I only have 6 GB at the moment plus the program Richey79 suggested only allows a 4GB RAMDISK and as we know we need 8 gigs to load ArmA II. Using the a RAMDISK as a paging file will not achieve what we are looking for It would work quit nicely Im sure to load ArmA II into a RAMDISK but who wants to wait for the 8 gigs to copy on the RAM disk lol... however it would be a cool experiment. But in reality its much more simple to set up a RAID 0 and if you really want some spunk installing a SDD would surely solve the stutter issues plus make windows pop like crazy when you went to load something... like I said i believe soon windows performance issues will become transparent to us again just as XP did just keep upgrading your Rigs.

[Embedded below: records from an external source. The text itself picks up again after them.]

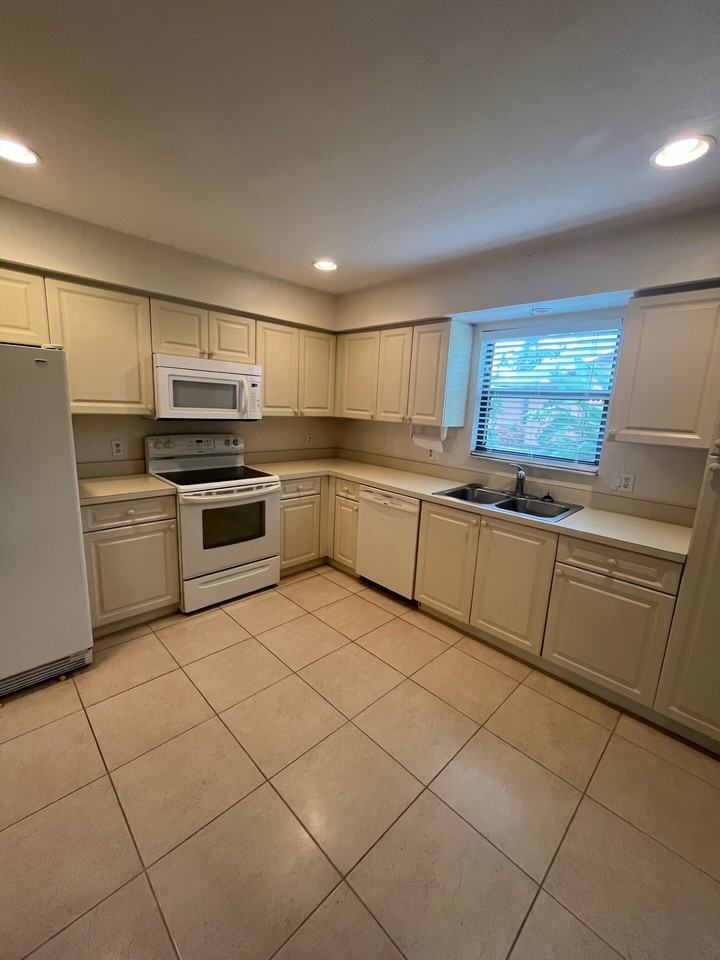 10301 St Patrick Ln - Photo 5 of 18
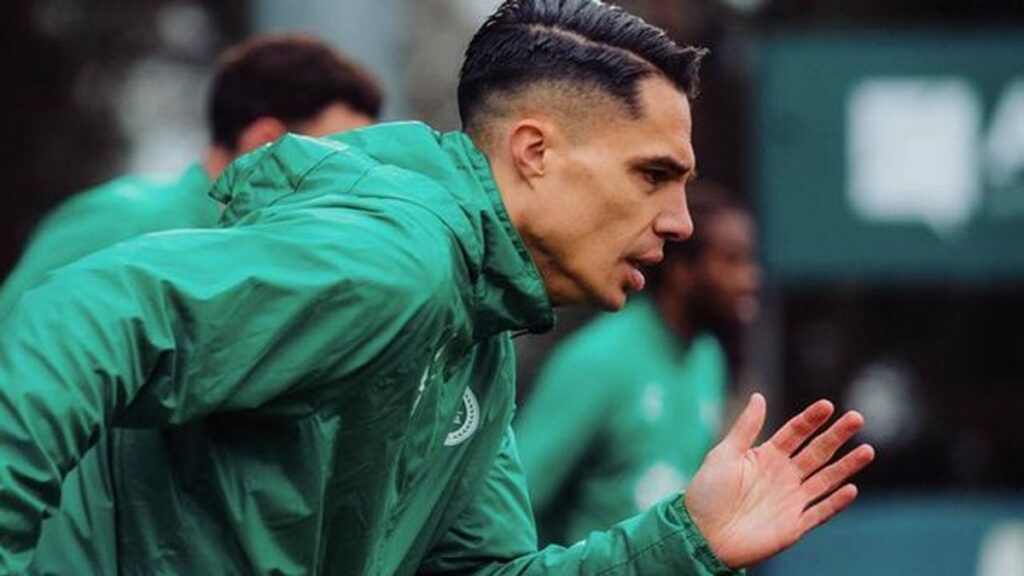 Joey Pelupessy Bawa Lommel SK Promosi ke Liga Utama Belgia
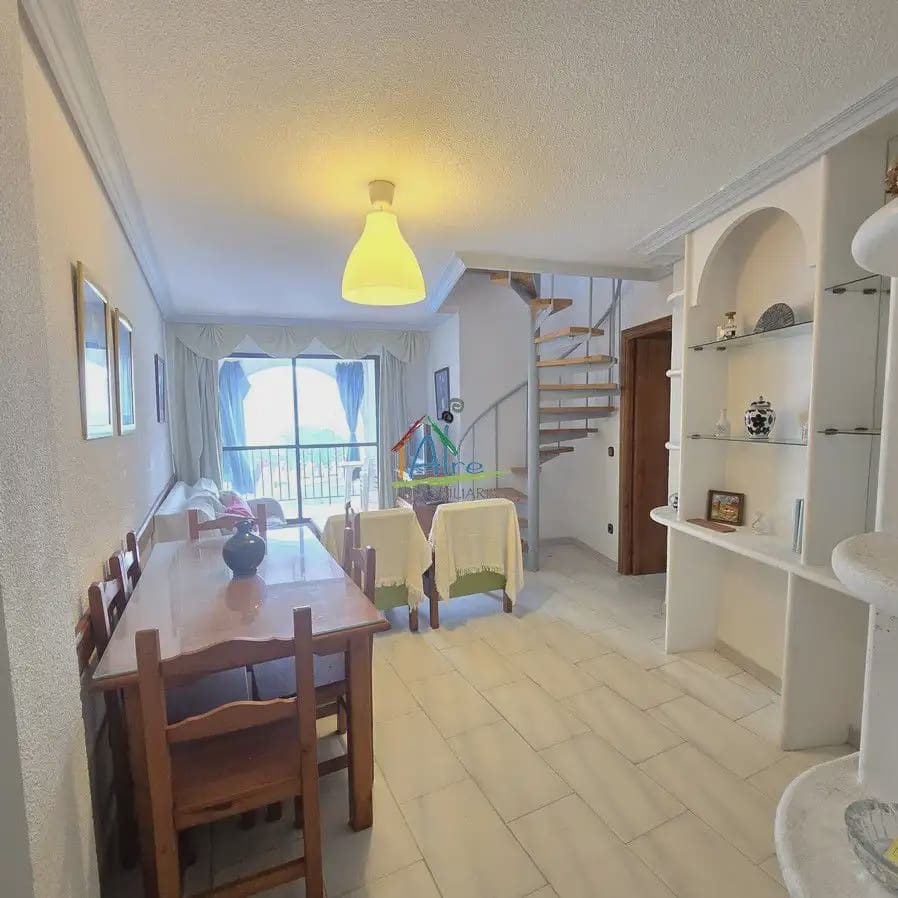Piso de 3 habitaciones en Almonte en venta con piscina - 215.000 € (Ref: 9827600)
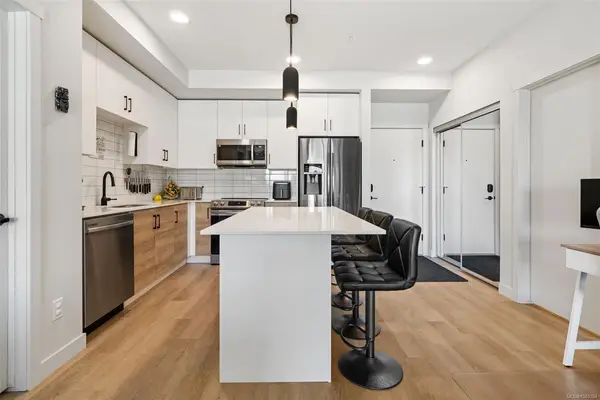 2469 Gateway Rd #302, Langford BC V9B 6R7 - 2 bed, 2.0 bath in Langford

Its like in the old days, and now Im really dating myself... lol we used to program in the low level language assembly because it was super fast and more efficient used less memory but required great attention to detail and was really difficult to debug. Shortly after we got past the 4K of ram we started using high-level languages such as Basic, Pascale and then to faster high-level languages like C, C++ to current more verbose languages that we use today that are much easier to use and understand and the penalty that we pay to run them as opposed to assembly becomes transparent to us due to CPU power.

RAMDISK were cool and had a place back when we used floppy's slow MFM and RLL hard drives. But its pretty much been replaced with the L1 and L2 cache and lots of RAM and with 64-bit OS's more ram then you can pile on your plate just think our CPU's have more memory on them then my first HDD which was just a mere 5MB. Keep your day job we will be playing the upgrade game for the rest of our lives.